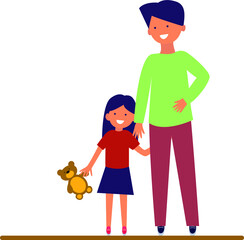 Vector illustration. Dad stands with his daughter. A girl holds a bear in her hands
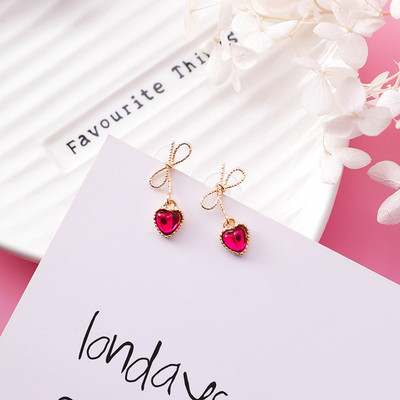 Cercei eleganti de dama - cu pietre in trei culori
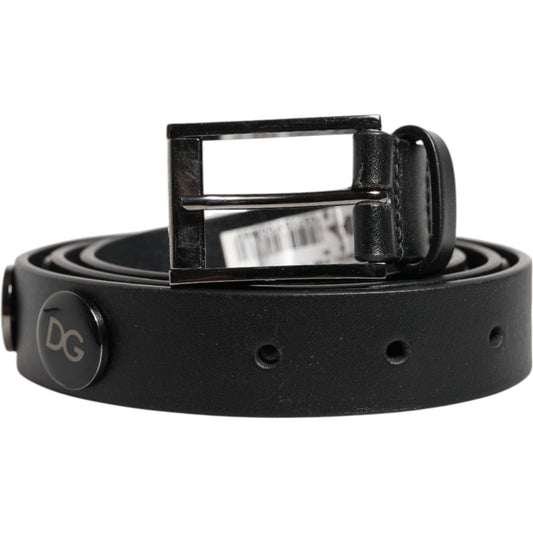 Dolce & Gabbana Black Luxury Leather DG Studs Buckle Belt 1728,67345645728,90 cm / 36 Inches,Accessories,Belts - Men - Accessories,Black,Dolce & Gabbana,Material: Leather,Men,Men - Accessories,New with tags BEL9399-90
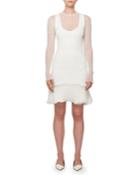 Sheer Rib Pucker-knit Ruffled-hem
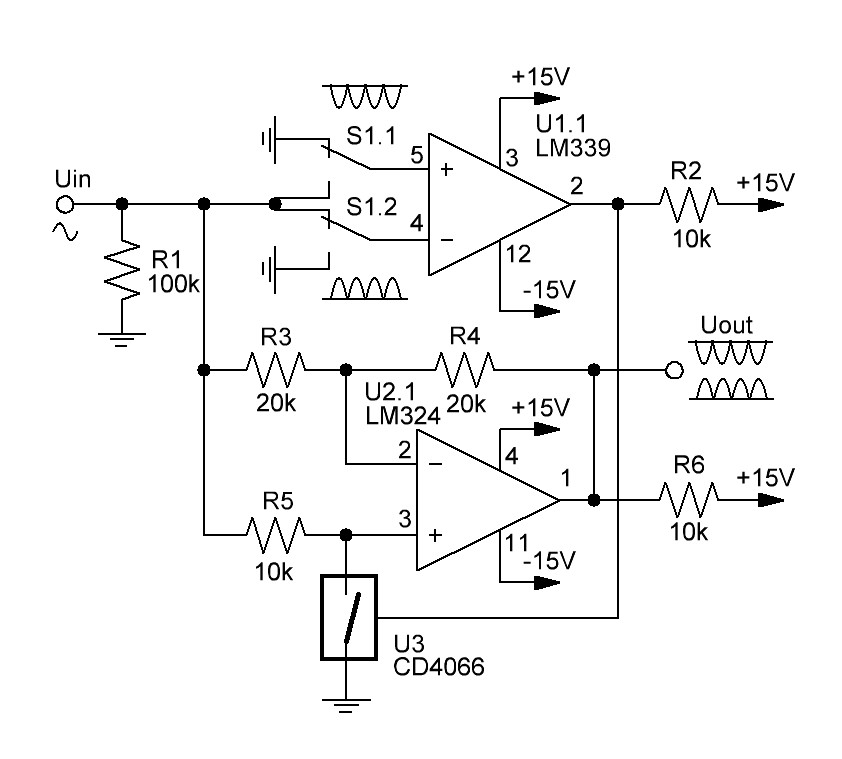 Two Half Period Rectifiers On Op Amps Edn Asia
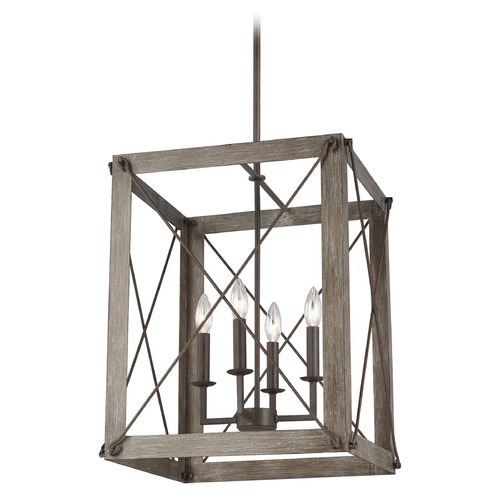 Thornwood Washed Pine & Weathered Iron Pendant by Visual Comfort Studio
******************************
Your instructions – Give the entries back verbatim and omit the images.

Response below –
 Vector illustration. Dad stands with his daughter. A girl holds a bear in her hands
 Cercei eleganti de dama - cu pietre in trei culori
 Dolce & Gabbana Black Luxury Leather DG Studs Buckle Belt 1728,67345645728,90 cm / 36 Inches,Accessories,Belts - Men - Accessories,Black,Dolce & Gabbana,Material: Leather,Men,Men - Accessories,New with tags BEL9399-90
 Sheer Rib Pucker-knit Ruffled-hem
 Two Half Period Rectifiers On Op Amps Edn Asia
 Thornwood Washed Pine & Weathered Iron Pendant by Visual Comfort Studio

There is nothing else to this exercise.